Crude prices have surged past $100 a barrel, feeding directly into inflation across major economies. For Asia, which imports nearly 60% of its crude and petrochemical feedstocks from the Middle East, the impact is immediate. Refiners are cutting runs, petrochemical plants are scaling back operations, and some countries have moved to conserve domestic fuel supplies.
But the ripple effects are now being felt in Europe and North America as well. Higher energy costs are pushing up transportation, manufacturing, and food prices, reinforcing inflation at a time when central banks had been hoping to ease monetary policy. That shift is already altering expectations for interest rates, tightening financial conditions, and weighing on investment.
Balakrishnan did not mince words about the scale of the disruption. The conflict, he said, has left “the entire global economy” effectively exposed to a single geopolitical flashpoint.
The risk is not just the immediate loss of supply, but the potential for lasting damage. Donald Trump has threatened strikes on Iranian energy infrastructure, while Tehran has warned of retaliatory attacks across the Gulf.
“If indeed you get tit-for-tat destruction of energy infrastructure, then you’re dealing not only with an immediate blockage of the straits, but scarring of energy infrastructure from the Middle East,” Balakrishnan said.
That would extend the disruption well beyond the current crisis window, locking in higher prices and constraining supply for months, if not years.
Such a scenario would deepen what is already shaping into a difficult macroeconomic environment. Growth is slowing as energy costs rise, while inflation remains elevated. That combination limits the ability of policymakers to respond. Cutting rates risks fueling inflation further, while tightening policy to control prices could push economies closer to recession.
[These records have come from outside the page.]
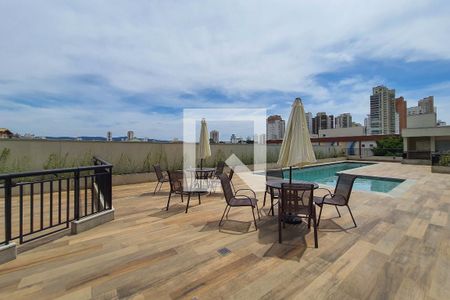 Apartamento à venda com 66m², 3 quartos e 2 vagas Apartamento à venda com 66m², 3 quartos e 2 vagasÁrea comum - Piscina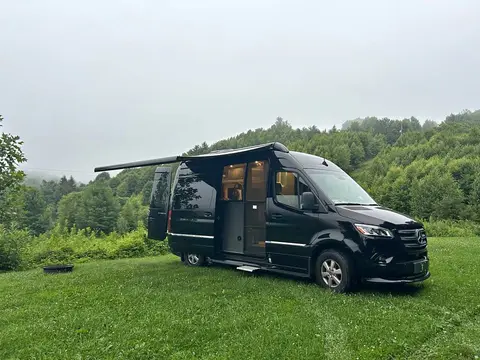 2020 Airstream Interstate 19 — photo 1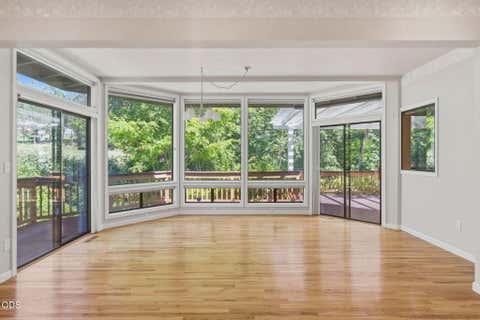 Tiny photo for 235 Glenoak Lane, Grants Pass, OR 97526 (MLS # 220222992)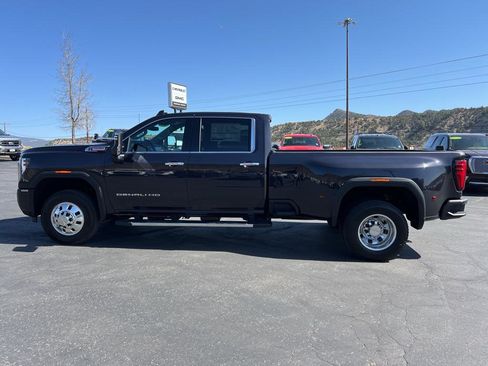 New 2025 GMC Sierra 3500 Denali image 4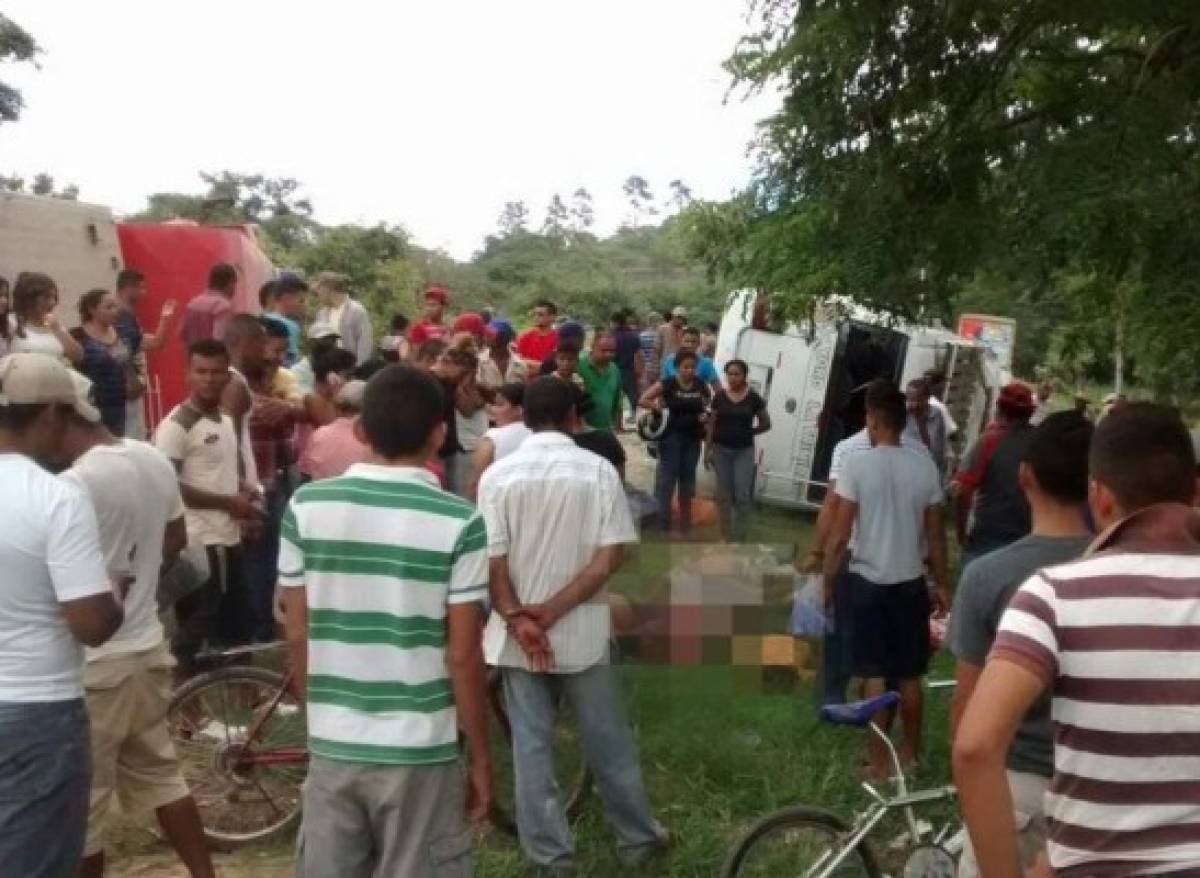 Suman 17 los fallecidos en accidente vial en la zona norte de Honduras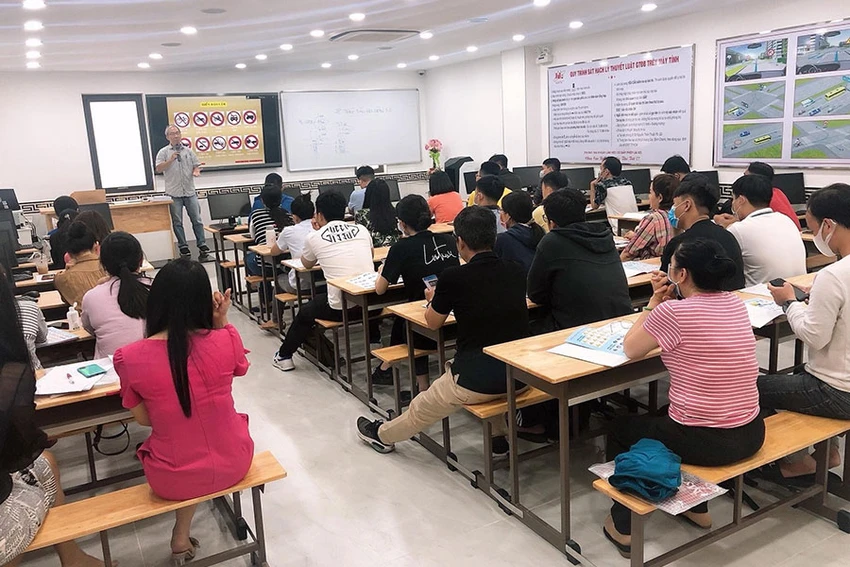 Theo quy định hiện hành, học viên phải học lý thuyết với thời gian học từ 44 giờ đến 168 giờ, học thực hành từ 50 giờ đến 752 giờ, tùy vào từng hạng bằng lái xe ô tô. Ảnh: THY NHUNG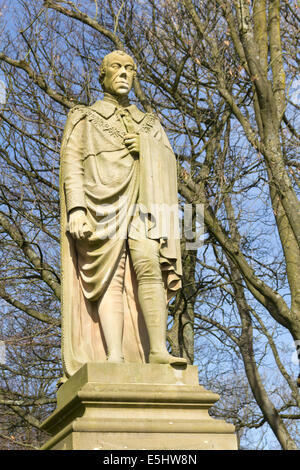 Una statua di Benjamin Disraeli in Queens Park, Bolton. Disraeli (1804-1881) è stato due volte primo ministro del Regno Unito. Foto Stock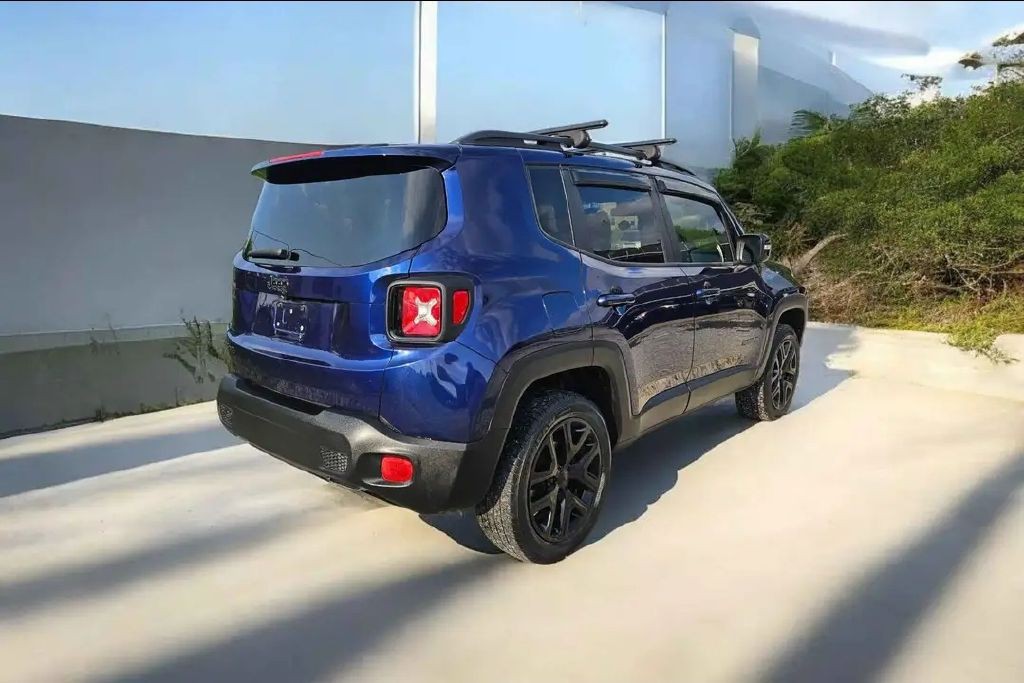 2017 Jeep Renegade Image 3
The concern is that what began as a regional conflict is now transmitting through the global economy via energy, trade, and financial channels.
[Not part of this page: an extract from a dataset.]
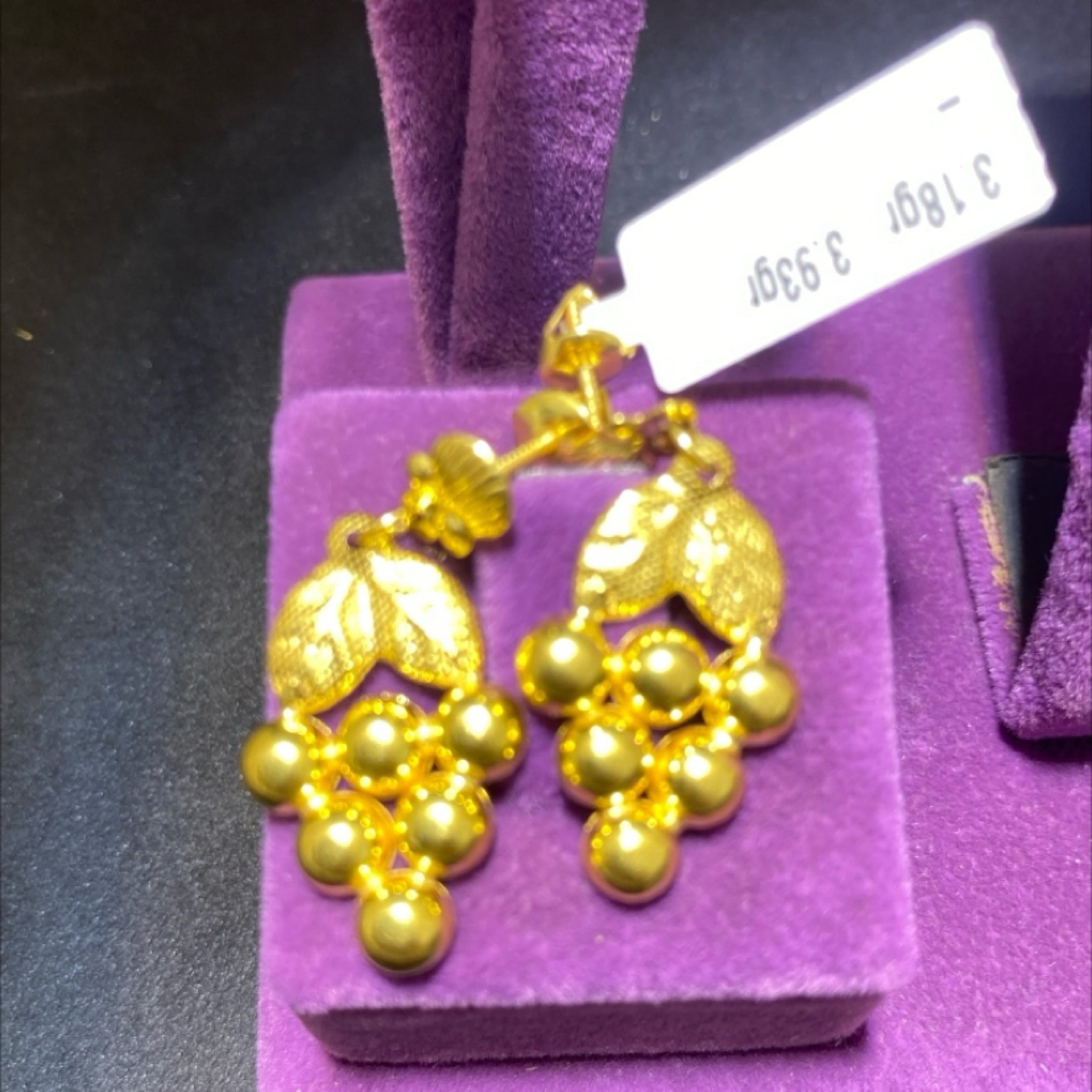 22 Ayar Altın Küpe Üzüm Tasarım 3.18gr Kadın - K00985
Shipping costs are rising as insurers reprice risk in the Gulf. Supply chains are being rerouted, adding delays and costs. Energy-intensive industries, from chemicals to heavy manufacturing, are adjusting output. Each of these shifts adds friction to an already strained global system.
Asia remains the most exposed. Around 80% of oil passing through the Strait of Hormuz is destined for the region, leaving economies such as China, India, Japan, and South Korea particularly vulnerable.
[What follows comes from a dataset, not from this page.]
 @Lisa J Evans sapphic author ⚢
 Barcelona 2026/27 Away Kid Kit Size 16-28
“The vulnerability has been known, but it’s never been tested to the extreme that it is being tested today,” Balakrishnan said.
Yet the broader implication is that no major economy is insulated. The United States may be a net exporter of oil, but it is not immune to global price dynamics. Higher crude prices feed into domestic fuel costs and industrial inputs, while also influencing inflation expectations.
The comparison with past crises is beginning to surface. While Balakrishnan said it is too early to conclude that the situation will mirror the 1997 Asian financial crisis, the fact that governments are revisiting contingency frameworks from that period underscores the level of concern.
Singapore, a trade-dependent hub, is preparing across multiple time horizons, from immediate disruptions measured in hours to structural adjustments over years. The approach centers on maintaining fiscal stability, strengthening supply chains, and positioning itself as a predictable node in an increasingly volatile system.
“In the state of the world now, some stability, some predictability, some safety, will be a welcome bright spot in an otherwise difficult, volatile world,” Balakrishnan said.
The crisis is also accelerating longer-term shifts. Governments across Asia are expected to double down on energy diversification, expand renewable capacity, and invest in infrastructure that reduces reliance on vulnerable transit routes. Those efforts, however, will take time.
In the near term, the trajectory of the conflict will determine the depth of the economic impact. Balakrishnan expressed regret at how events unfolded.
“I will confess that I was surprised with the onset of hostilities. I didn’t think it was necessary. I don’t think it’s helpful, and even now, there are even doubts expressed about the legality of the situation,” he said.
For many countries, the frustration lies in bearing the economic consequences of a conflict they do not control.
The longer the disruption to the Strait persists, the more entrenched its effects will become. What began as a geopolitical confrontation is evolving into an economic test, and it is exposing the fragility of global energy flows and how much economies are tied to them.